Montées de « Balak »
1) Balak, roi de Moab, s’inquiétant de l’approche des hébreux de son pays, s’allie à Madian (Midiane) et envoient chercher un « mercenaire » en la personne de Bil’am, renommé pour ses malédictions, dont ils espèrent qu’elles auront raison d’Israël. Dieu, au cours d’une apparition nocturne, interdit à Bil’am de les suivre.
2) Bil’am fait connaitre la décision de Dieu aux messagers. Balak insiste et envoie d’autres messagers, promettant la richesse à Bil’am. Cette fois, Dieu le laisse partir en lui précisant qu’il ne pourra pas agit différemment de ce que Dieu lui dictera de faire. Le Or Ha-Haïm explique ce « revirement » divin par la volonté divine de montrer, dans un premier temps, à Bil’am que c’est Lui qui décide ce que Bil’am peut faire, pour, dans un second temps, le laisser partir, afin que Bil’am n’imagine pas que Dieu a peur des pouvoirs de malédiction de Bil’am.
3) « Vision » de l’ânesse de Bil’am, qui perturbe la route de son maître, à cause d’un ange qui lui barre la route. « Vision », parce que les anges sont invisibles même aux hommes, donc à plus forte raison aux bêtes. Elle ressent cependant sa présence. Miracle de l’ânesse qui parle à son maître. L’ange se révèle à Bil’am, lui permettant de continuer sa route, après lui avoir rappelé qu’il ne pourra prononcer que les paroles que Dieu lui mettra dans la bouche. Balaq accueille Bil’am.
4) Première tentative de Bil’am de maudire Israël, qui se solde par un échec, au grand dam de son « employeur », Balak. Dieu place des bénédictions dans la bouche du prophète des nations. A chaque fois, des sacrifices sont pratiqués sur sept autels 1. Ces bénédictions méritent une étude approfondie tant elles sont remplies de significations quant à l’identité même du peuple juif.

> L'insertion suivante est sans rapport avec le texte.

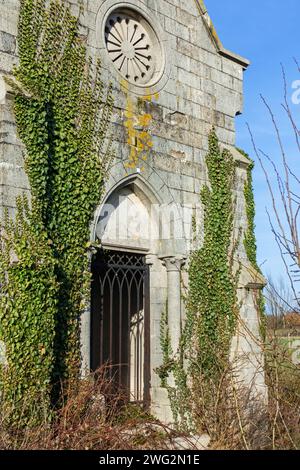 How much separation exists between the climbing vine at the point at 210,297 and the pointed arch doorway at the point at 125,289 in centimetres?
47

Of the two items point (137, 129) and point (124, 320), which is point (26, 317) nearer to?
point (124, 320)

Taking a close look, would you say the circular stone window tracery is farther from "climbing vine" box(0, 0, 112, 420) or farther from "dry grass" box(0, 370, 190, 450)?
"dry grass" box(0, 370, 190, 450)

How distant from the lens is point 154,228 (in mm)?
9094

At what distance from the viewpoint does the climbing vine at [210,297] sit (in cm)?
873

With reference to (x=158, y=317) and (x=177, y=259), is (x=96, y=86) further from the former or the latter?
(x=158, y=317)

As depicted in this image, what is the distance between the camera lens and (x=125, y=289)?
29.6 ft

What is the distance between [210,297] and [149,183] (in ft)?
6.86

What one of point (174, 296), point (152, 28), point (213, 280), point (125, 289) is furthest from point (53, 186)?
point (152, 28)

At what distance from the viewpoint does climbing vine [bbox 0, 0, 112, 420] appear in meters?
6.47

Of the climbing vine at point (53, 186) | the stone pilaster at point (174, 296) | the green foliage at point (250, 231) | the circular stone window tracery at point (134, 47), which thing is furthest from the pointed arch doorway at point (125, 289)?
the green foliage at point (250, 231)

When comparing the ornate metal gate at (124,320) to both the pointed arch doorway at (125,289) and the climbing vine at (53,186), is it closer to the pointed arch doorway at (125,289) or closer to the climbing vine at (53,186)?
the pointed arch doorway at (125,289)

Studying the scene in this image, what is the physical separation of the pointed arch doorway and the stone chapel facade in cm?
2

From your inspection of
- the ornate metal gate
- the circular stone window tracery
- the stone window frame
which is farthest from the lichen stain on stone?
the ornate metal gate

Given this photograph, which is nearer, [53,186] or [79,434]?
[79,434] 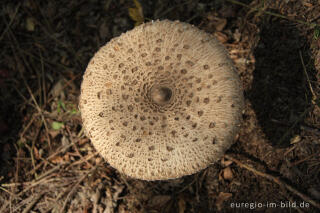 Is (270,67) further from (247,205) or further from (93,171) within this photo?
(93,171)

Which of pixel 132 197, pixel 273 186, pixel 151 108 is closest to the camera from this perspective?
pixel 151 108

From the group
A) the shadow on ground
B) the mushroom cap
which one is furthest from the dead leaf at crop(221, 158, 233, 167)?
the mushroom cap

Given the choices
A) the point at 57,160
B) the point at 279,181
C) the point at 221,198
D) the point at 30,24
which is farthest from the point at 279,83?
the point at 30,24

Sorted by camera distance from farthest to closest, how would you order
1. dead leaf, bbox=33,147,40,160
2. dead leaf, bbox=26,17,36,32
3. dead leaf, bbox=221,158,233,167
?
dead leaf, bbox=26,17,36,32, dead leaf, bbox=33,147,40,160, dead leaf, bbox=221,158,233,167

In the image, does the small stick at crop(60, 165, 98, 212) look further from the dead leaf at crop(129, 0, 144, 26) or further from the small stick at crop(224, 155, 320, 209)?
the dead leaf at crop(129, 0, 144, 26)

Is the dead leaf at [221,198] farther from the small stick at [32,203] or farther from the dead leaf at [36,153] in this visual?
the dead leaf at [36,153]

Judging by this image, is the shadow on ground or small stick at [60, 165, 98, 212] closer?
the shadow on ground

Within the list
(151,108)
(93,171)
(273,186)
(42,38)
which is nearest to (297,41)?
(273,186)

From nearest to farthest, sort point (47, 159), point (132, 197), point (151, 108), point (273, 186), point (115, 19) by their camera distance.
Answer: point (151, 108)
point (273, 186)
point (132, 197)
point (47, 159)
point (115, 19) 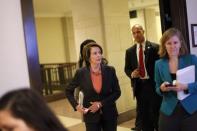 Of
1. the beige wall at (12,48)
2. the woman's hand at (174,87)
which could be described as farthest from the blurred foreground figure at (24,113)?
the woman's hand at (174,87)

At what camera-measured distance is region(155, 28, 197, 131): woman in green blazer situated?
235 centimetres

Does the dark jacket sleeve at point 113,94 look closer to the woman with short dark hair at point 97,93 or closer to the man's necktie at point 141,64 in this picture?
the woman with short dark hair at point 97,93

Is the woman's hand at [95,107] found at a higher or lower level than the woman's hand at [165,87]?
lower

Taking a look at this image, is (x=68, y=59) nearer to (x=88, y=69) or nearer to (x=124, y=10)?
(x=124, y=10)

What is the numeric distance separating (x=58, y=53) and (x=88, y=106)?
810cm

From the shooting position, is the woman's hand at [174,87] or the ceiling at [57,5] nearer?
the woman's hand at [174,87]

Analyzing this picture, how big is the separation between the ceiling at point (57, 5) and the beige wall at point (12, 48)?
5.61 metres

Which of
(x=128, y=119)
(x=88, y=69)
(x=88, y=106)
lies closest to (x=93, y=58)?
(x=88, y=69)

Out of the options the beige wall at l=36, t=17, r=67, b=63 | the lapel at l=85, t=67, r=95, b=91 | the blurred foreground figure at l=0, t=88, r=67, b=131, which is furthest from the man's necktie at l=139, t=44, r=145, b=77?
the beige wall at l=36, t=17, r=67, b=63

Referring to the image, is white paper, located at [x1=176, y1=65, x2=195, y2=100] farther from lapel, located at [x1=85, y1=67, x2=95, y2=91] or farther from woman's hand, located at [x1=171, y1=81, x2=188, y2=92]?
lapel, located at [x1=85, y1=67, x2=95, y2=91]

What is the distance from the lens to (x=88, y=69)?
8.59ft

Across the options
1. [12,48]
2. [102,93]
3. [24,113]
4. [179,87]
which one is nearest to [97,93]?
[102,93]

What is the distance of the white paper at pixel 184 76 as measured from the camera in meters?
2.36

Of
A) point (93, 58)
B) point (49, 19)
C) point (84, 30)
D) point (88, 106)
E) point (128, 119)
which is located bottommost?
point (128, 119) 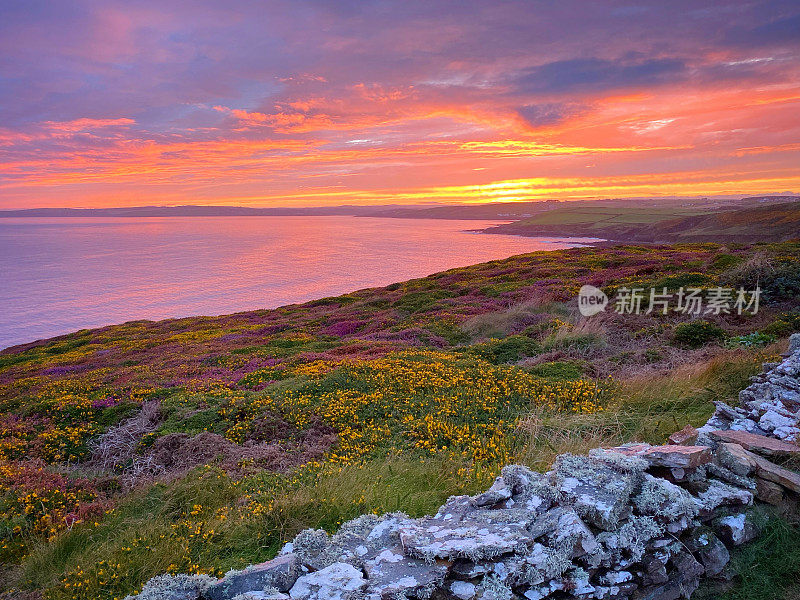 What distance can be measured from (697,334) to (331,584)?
1494 centimetres

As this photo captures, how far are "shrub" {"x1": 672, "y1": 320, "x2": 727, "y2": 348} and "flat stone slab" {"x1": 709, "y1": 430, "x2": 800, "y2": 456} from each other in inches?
369

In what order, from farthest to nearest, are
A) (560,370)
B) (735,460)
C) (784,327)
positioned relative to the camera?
(784,327) < (560,370) < (735,460)

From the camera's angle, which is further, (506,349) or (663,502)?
(506,349)

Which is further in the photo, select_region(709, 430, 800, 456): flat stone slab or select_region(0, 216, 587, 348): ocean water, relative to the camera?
select_region(0, 216, 587, 348): ocean water

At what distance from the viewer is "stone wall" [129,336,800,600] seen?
11.4ft

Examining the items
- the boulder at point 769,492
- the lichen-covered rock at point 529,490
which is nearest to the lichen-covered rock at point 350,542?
the lichen-covered rock at point 529,490

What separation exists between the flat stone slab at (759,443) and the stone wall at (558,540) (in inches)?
8.1

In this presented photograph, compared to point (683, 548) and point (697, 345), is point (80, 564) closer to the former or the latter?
point (683, 548)

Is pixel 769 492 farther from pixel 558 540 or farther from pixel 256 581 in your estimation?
pixel 256 581

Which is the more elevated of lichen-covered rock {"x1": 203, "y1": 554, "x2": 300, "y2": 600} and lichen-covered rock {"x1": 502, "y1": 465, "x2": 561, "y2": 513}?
lichen-covered rock {"x1": 502, "y1": 465, "x2": 561, "y2": 513}

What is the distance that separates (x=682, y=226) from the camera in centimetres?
10325

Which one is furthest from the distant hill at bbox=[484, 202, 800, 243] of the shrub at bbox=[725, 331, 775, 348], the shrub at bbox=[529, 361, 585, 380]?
the shrub at bbox=[529, 361, 585, 380]

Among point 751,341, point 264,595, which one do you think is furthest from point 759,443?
point 751,341

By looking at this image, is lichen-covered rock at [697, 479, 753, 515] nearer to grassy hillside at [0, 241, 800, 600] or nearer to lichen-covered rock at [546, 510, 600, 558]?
lichen-covered rock at [546, 510, 600, 558]
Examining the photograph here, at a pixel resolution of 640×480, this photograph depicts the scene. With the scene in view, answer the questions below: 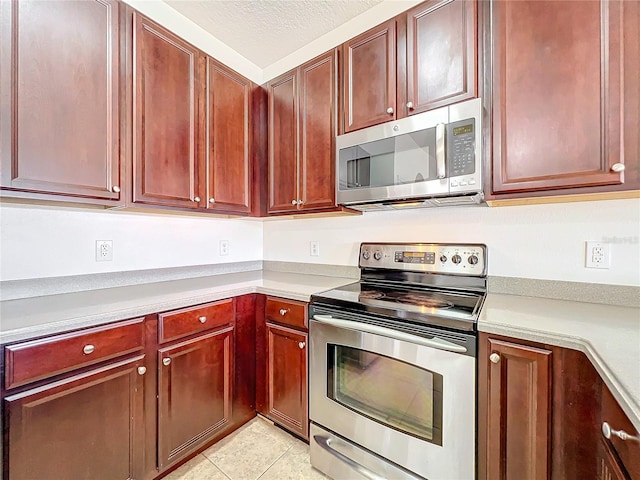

5) Seconde tentative et nouvel échec.
6) Nouvel essai, qui n’ aboutit une fois de plus à rien, ou plutôt à une des plus belles bénédictions : « Qu’elles sont belles tes tentes, ô Jacob ! Tes demeures, ô Israël ! » (Nombres XXIV, 5). Rachi commente cette bénédiction comme étant justifiée par le constat que fit Bil’am du respect de l’intimité de chaque famille, les portes des tentes n’étant pas ouvertes l’une vis-à-vis de l’autre, « de sorte que personne ne pouvait regarder à l’intérieur de la tente de son voisin ». Balak, fou de colère et de déception, congédie Bil’am,
7) qui prophétise une dernière fois, mais à présent, non au sujet d’Israël, mais au sujet de différentes ethnies. Il évoque également, à mots couverts, l’époque messianique. Israël se livre à la débauche avec les filles de Moab, allant même jusqu’à se prosterner à leurs dieux. La colère de Dieu s’enflamme. 24.000 hébreux meurent d’une épidémie, qu’un geste vengeur stoppe. En effet, un homme, dont on apprendra par la suite, qu’il est le prince de la tribu de Shim’on, s’avança accompagné d’une Midianite, provoquant Moïse et tout le peuple. Pinéh’as, fils d’Ela’zar (fils d’Aaron), les transperça tous les deux avec une lance.
Le fil d’Ariane qui relie la Haftara à notre Paracha :
Haftara extraite de Michée, prophète contemporain d’Isaïe, qui reproche ses fautes à Juda. Il est ténu, car il tient à un verset par lequel le prophète Michée, Mikha, en hébreu, l’un des douze prophètes, stigmatise l’ingratitude des Judéens, qui ont oublié comment Dieu a déjoué les desseins malfaisants de Balak et de Bil’am, qui tentèrent de saisir les moments de colère divine, pour qu’elle se déverse sur son peuple. La dernière phrase de la Haftara gagne à être connue : « Homme, on t’a dit ce qui est bien, ce que le Seigneur demande de toi : rien que de pratiquer la justice et de marcher humblement (discrètement) avec ton Dieu ! ».
Etincelles de mémoire :
– Rachi observe, dans le début de Balak, que Moab et Madian étaient des ennemis jurés. Qu’est-ce qui les poussa dés lors à s’allier ? La haine d’Israël qu’ils avaient en commun. L’on pense ici aux pays arabes ennemis, qui font front commun lorsqu’il s’agit de condamner l’ « ennemi sioniste ».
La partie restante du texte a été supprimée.